Beginning with the line that has "Walking Dog Processing" and ending with the line that has "You had to be there.", retype the entries below exactly, except for the pictures.

## Given data
* * *

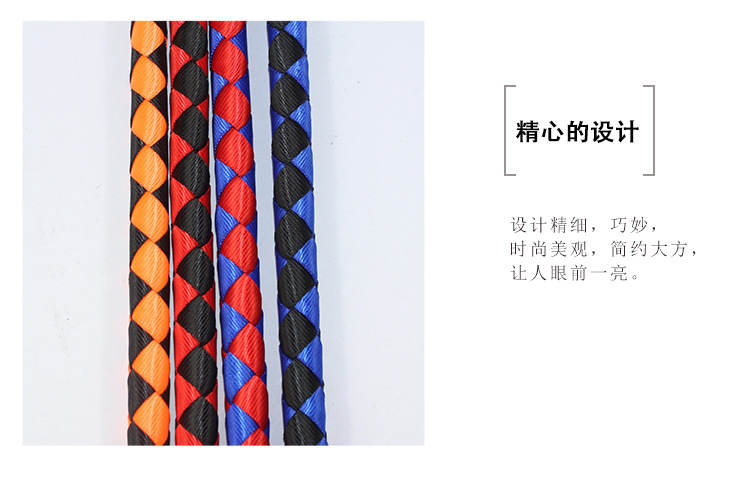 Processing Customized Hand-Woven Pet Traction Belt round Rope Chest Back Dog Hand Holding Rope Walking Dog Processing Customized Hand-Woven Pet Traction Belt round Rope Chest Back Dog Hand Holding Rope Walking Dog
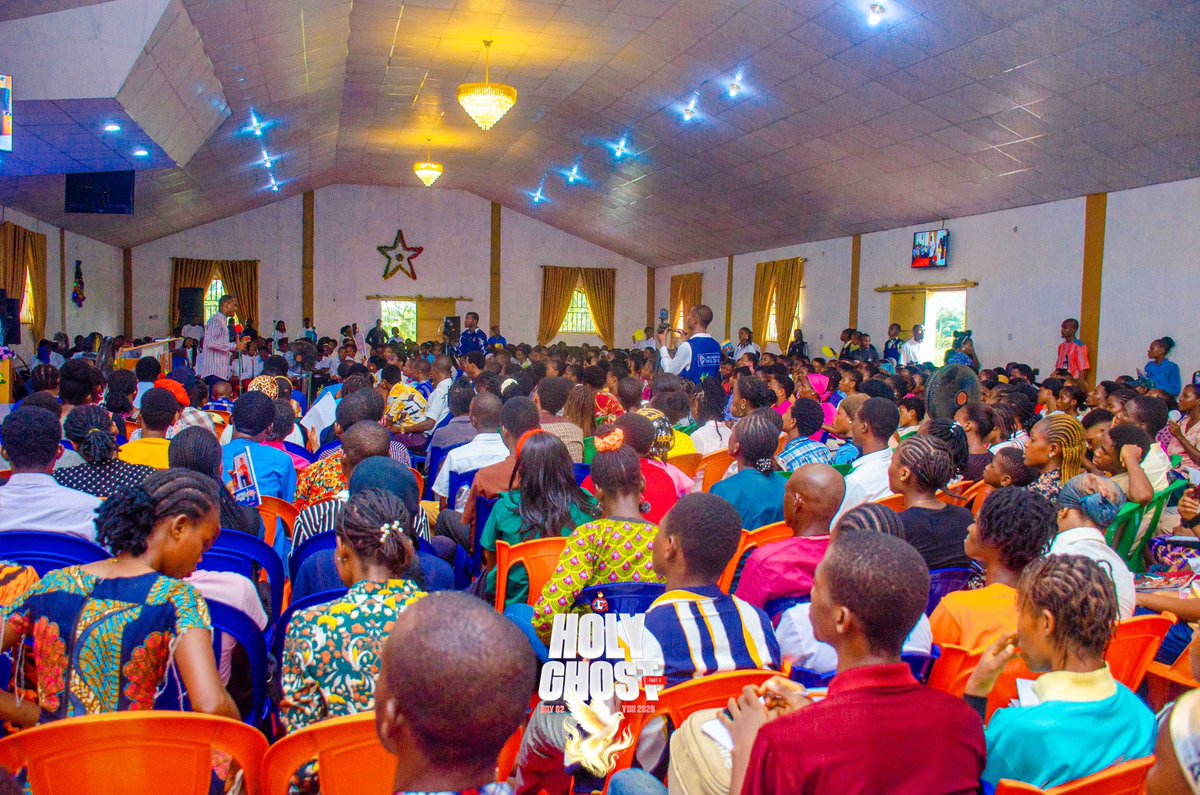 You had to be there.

* * *

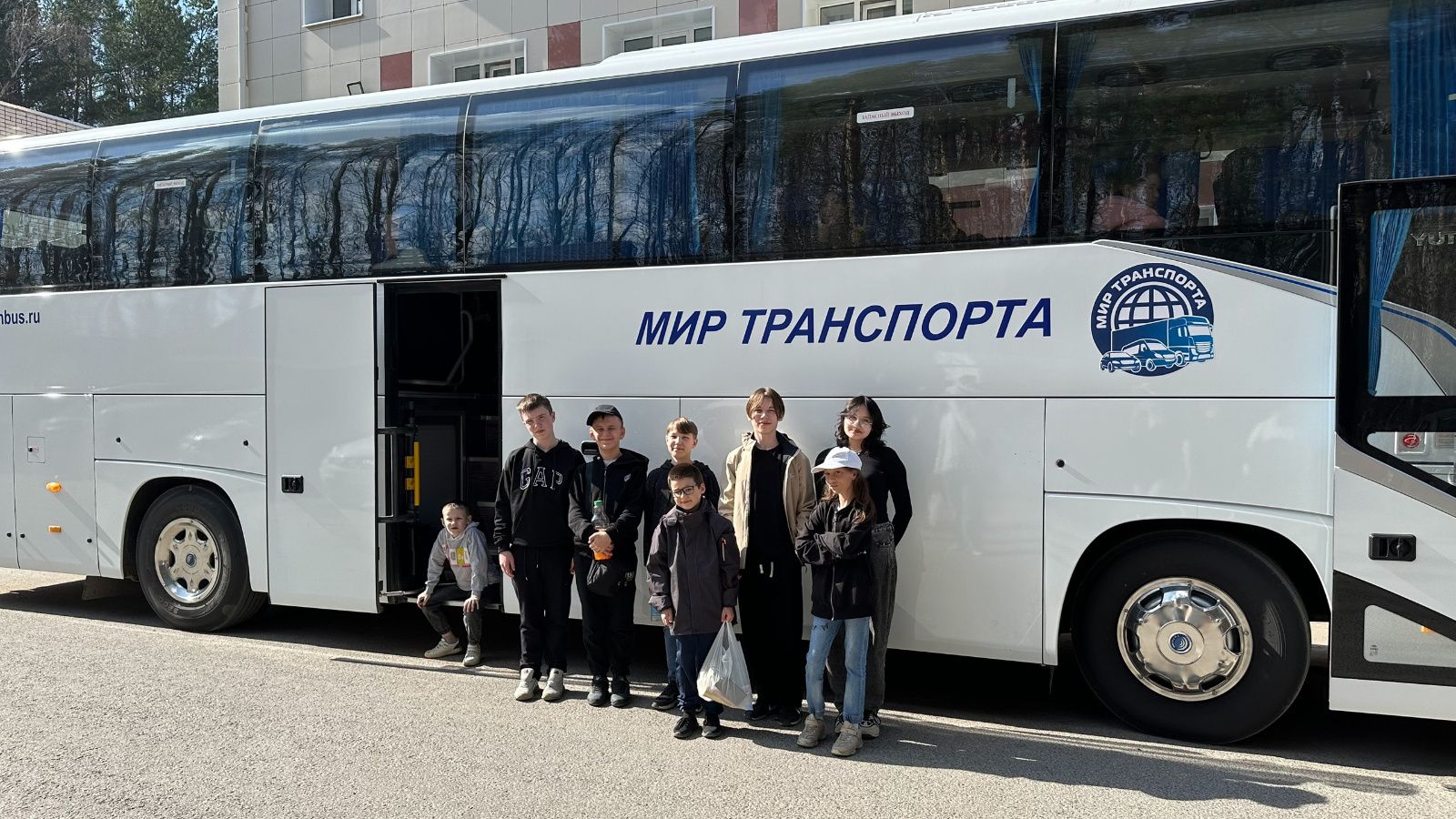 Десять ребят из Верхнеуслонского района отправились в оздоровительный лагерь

* * *

## Result
 Processing Customized Hand-Woven Pet Traction Belt round Rope Chest Back Dog Hand Holding Rope Walking Dog Processing Customized Hand-Woven Pet Traction Belt round Rope Chest Back Dog Hand Holding Rope Walking Dog
 You had to be there.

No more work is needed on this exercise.